→ Raw data

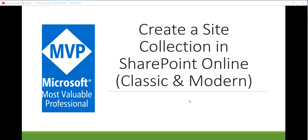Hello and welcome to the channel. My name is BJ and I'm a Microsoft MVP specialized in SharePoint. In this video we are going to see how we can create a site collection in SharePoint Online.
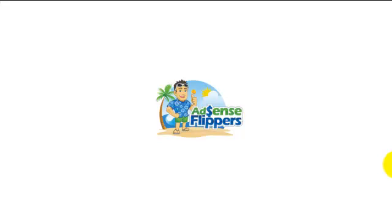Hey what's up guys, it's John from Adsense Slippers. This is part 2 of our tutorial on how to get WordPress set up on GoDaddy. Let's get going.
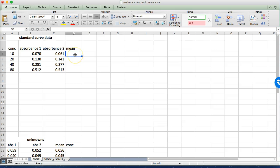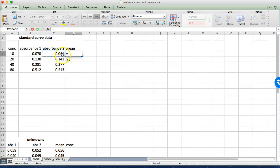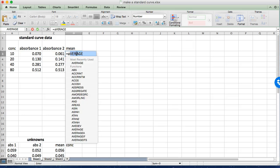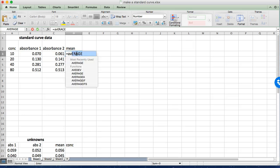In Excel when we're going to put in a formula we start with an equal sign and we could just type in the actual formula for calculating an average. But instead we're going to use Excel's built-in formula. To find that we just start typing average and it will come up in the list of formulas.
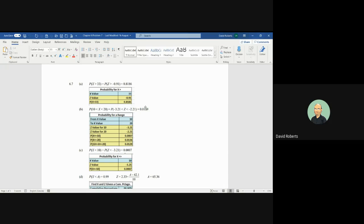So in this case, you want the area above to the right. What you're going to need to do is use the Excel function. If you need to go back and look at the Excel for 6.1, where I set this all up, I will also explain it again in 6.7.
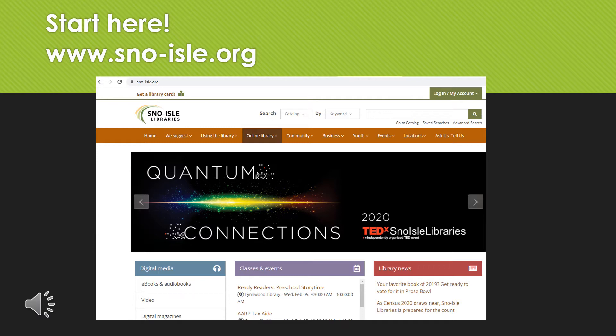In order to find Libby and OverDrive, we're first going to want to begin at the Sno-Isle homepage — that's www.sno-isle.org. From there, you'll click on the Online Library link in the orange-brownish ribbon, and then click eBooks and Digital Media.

→ Instructions for the task
Put each line of the listing above into the copy exactly, dropping the pictures.

→ Output for this task
Hello and welcome to the channel. My name is BJ and I'm a Microsoft MVP specialized in SharePoint. In this video we are going to see how we can create a site collection in SharePoint Online.
Hey what's up guys, it's John from Adsense Slippers. This is part 2 of our tutorial on how to get WordPress set up on GoDaddy. Let's get going.
In Excel when we're going to put in a formula we start with an equal sign and we could just type in the actual formula for calculating an average. But instead we're going to use Excel's built-in formula. To find that we just start typing average and it will come up in the list of formulas.
So in this case, you want the area above to the right. What you're going to need to do is use the Excel function. If you need to go back and look at the Excel for 6.1, where I set this all up, I will also explain it again in 6.7.
In order to find Libby and OverDrive, we're first going to want to begin at the Sno-Isle homepage — that's www.sno-isle.org. From there, you'll click on the Online Library link in the orange-brownish ribbon, and then click eBooks and Digital Media.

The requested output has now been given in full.